I'm also concerned because it seems that, at least since Roger Moore left, that we've had a situation where we've had a Bond film trade off of sorts. The Living Daylights was complicated and real-world messy, while Licence To Kill was simple and somewhat simpleminded (I love both Dalton pictures, but the former has aged better than the latter). Furthermore, Goldeneye was complicated and story-rich, while Tomorrow Never Dies was simple and easy to follow (Brosnan was quoted in Entertainment Weekly as saying that Goldeneye was too much work for audiences). The same thing with The World Is Not Enough and Die Another Day. The former was rich with character development and multilayered plotting, the latter resembled a bad cartoon by the second act.
As long as we're playing the even/odds game, let's acknowledge that Tomorrow Never Dies and Die Another Day both suffer from the same major flaw. They both spend the first hour telling a character driven Bond story dealing with an unexplored part of Bond (What happens what an old flame comes back? What happens when Bond gets captured and can't be trusted?) In both films, these stories are tossed overboard in the second hour as Bond teams up with a secret agent from another country to blow up the bad guys without a care in the world (for all of Halle Berry's constant libels about how Jinx was the first Bond girl to do anything ever, she was a rewritten version of Michelle Yeoh's character from TND). Bits and pieces from the second trailer have me worried that this particular 'every other film' pattern may continue.
I've said many times that I feel director Martin Campbell was the unsung hero of Casino Royale, and that the somewhat on-the-nose dialogue by Paul Haggis was the weak point. Giving that Campbell passed and Haggis stuck around, I'm concerned that Campbell's penchant for visually decipherable action and genuine character development may have been lost as well.
Now that I've engaged in rampant fact less, conjecture for a few paragraphs, let me be optimistic for a moment. The trailers do look terrifically engaging. I adored Marc Forrester's Stranger Than Fiction, and I've liked all of Haggis's other recent work, so don't read this as bashing the replacement director and the script doctor.

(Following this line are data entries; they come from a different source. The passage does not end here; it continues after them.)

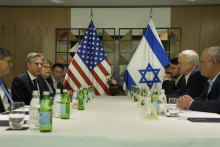 Americký minister zahraničných vecí Antony Blinken (druhý zľava) rozpráva počas stretnutia s bývalým šéfom izraelských obranných síl (IDF) Gadim Eisenkotom (vpravo) a bývalým izraelským ministrom obrany Bennym Gancom (druhý sprava) v Jeruzaleme. FOTO: TASR/AP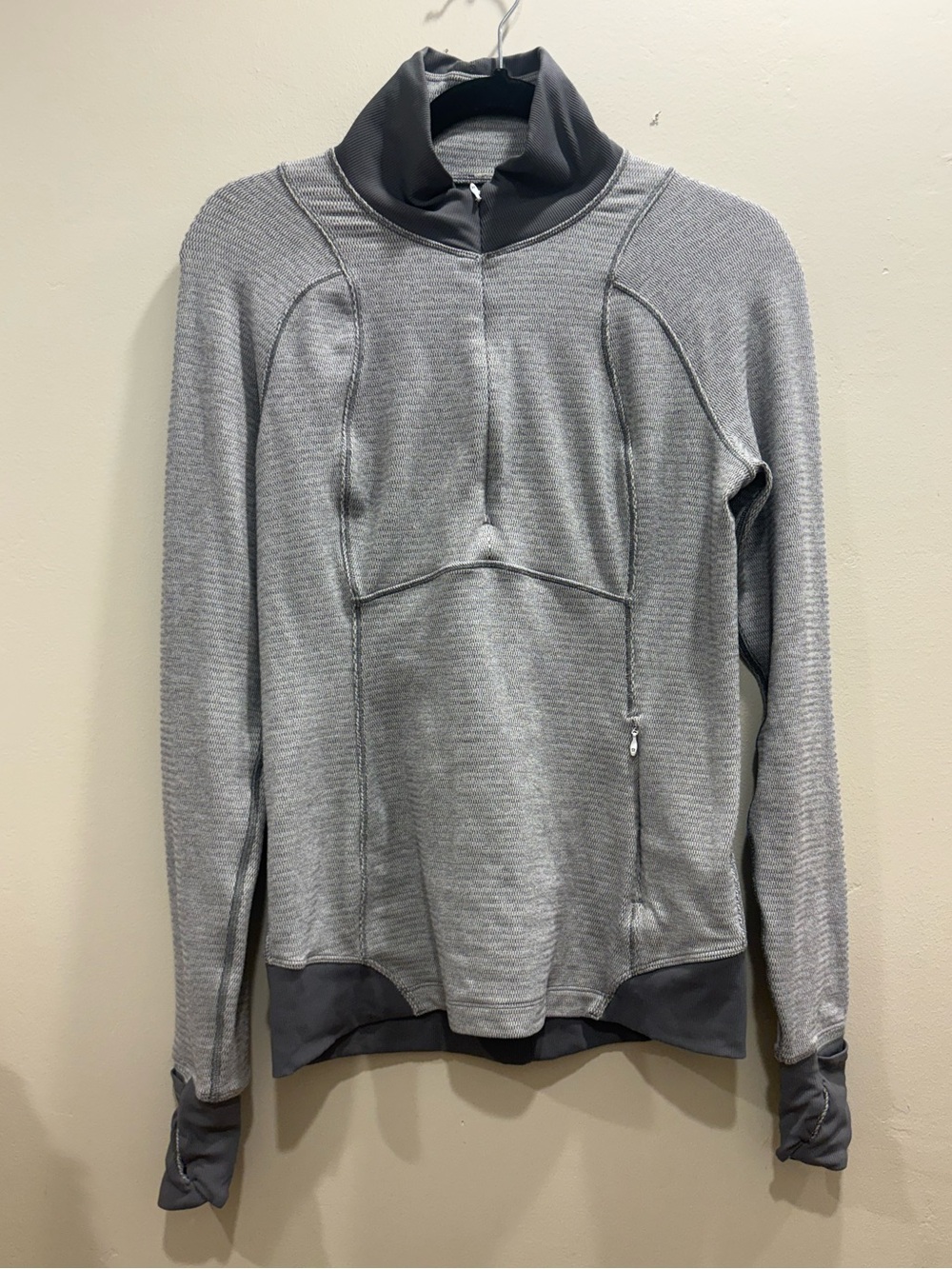 Lululemon Run Tech Fleece Gray Textured Half Zip Pullover Thumbholes Size 8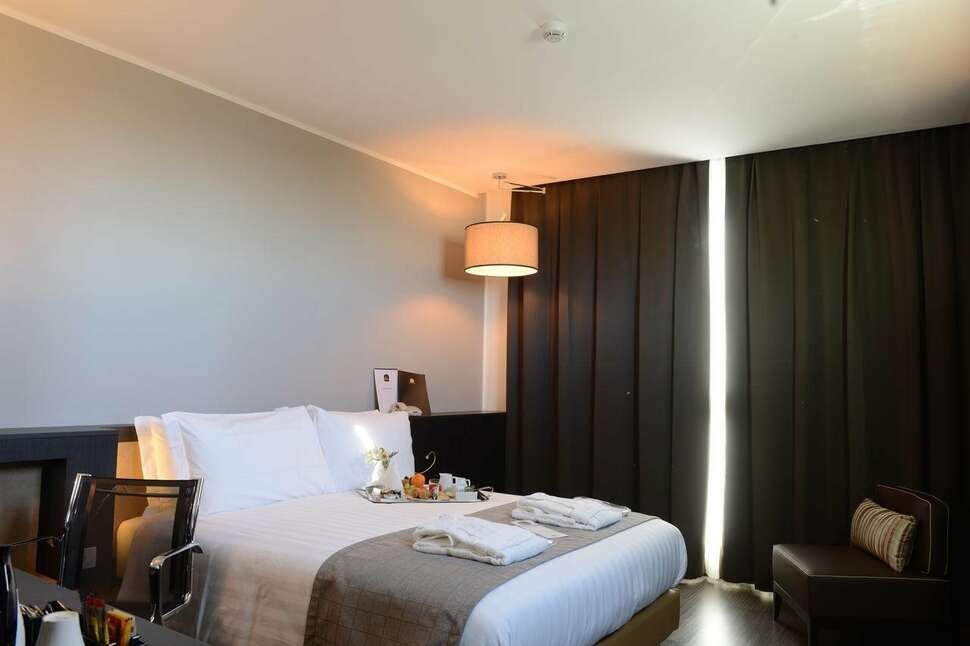 Best Western Premier CHC Airport Genova - Vlucht + hotel Genua
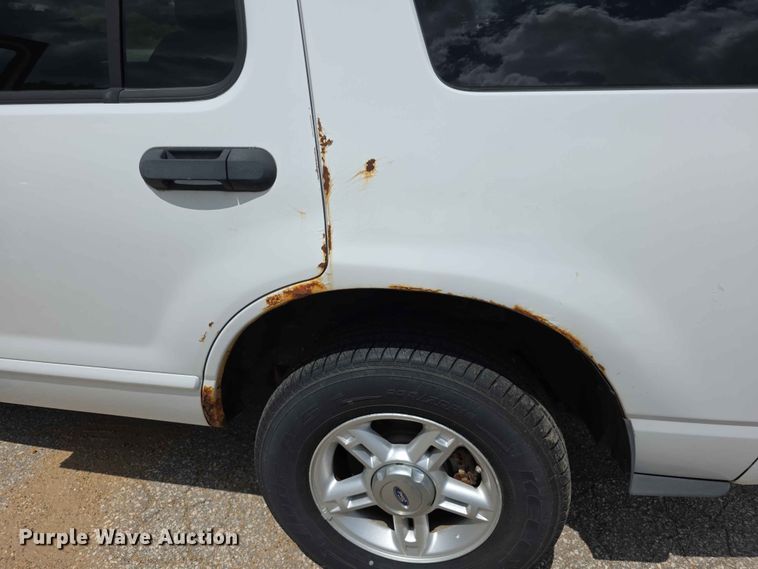 image for item FN5705 2004 Ford Explorer SUV
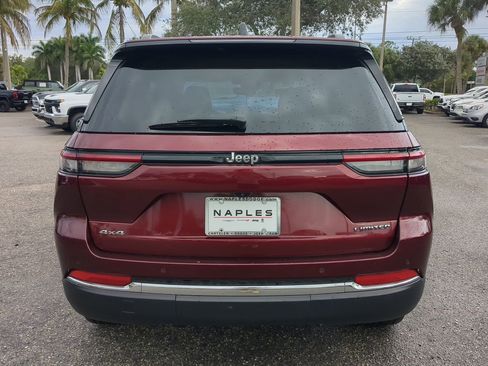 Used 2022 Jeep Grand Cherokee Limited image 6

I'll gladly eat my words if the film ends up being closer to The Living Daylights than Die Another Day, but for now I'm officially in the category of 'trust, but verify'.
* Ironically, the original working title for Scream was in fact 'Scary Movie'. Needless to say, that would have been even more annoying as the characters do make a point to overtly say 'scary movie' about two dozen times in the course of the picture.